Published September 11, 2012
It can weigh a little heavily when you know you’re responsible for corrupting a whole nation.
To be honest, it was so long ago that I don’t lose much sleep over it these days. But there’s a twinge of sadness and regret when I encounter ever-increasing examples of it while travelling around Iceland. Yet there was no ill intention. It was simply an error of judgment, a mere foolishness that was born out of ignorance and a distorted sense of generosity.
You see, I am the person who introduced tipping to Iceland. Until I came along, it didn’t exist.
It happened back in the early seventies in a burger-and-fries cafeteria beside a gas station on the edge of Akureyri. It was my first time in the country, and I was young and easygoing and had money back then.

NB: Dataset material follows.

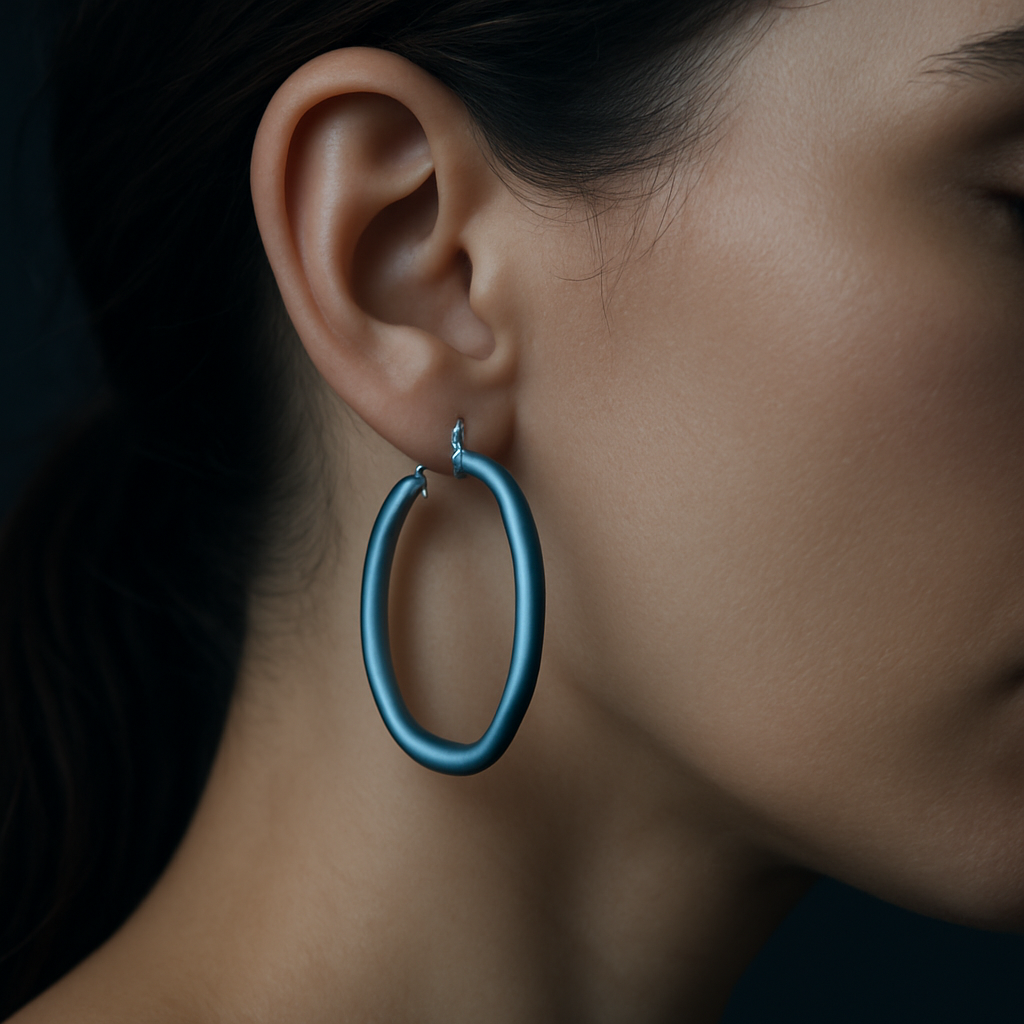 Tideform Hoop Earrings — worn by a woman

When I got up from my meal I left a few coins on the table. “Excuse me,” said the young waitress as she cleared the plates, “you’ve forgotten your change.” I smiled at her in the way that seasoned travellers do. “Oh, that’s just a small tip,” I said a little smugly.
Of course, I didn’t realise at the time that she’d never heard of a tip before. She frowned. “I don’t understand.”
Writers are allowed some journalistic licence, but I swear this is a pretty accurate account of the conversation, etched in my mind as it was then.
“A gratuity…” I said with a measure of patronising pomposity, “…a small token of my appreciation of a meal well served.”
She still didn’t understand and certainly didn’t appear to enjoy my attempt at humour. “You want to pay more than the meal cost?” she asked.
“No, no. It’s for you.” I was growing uncomfortable.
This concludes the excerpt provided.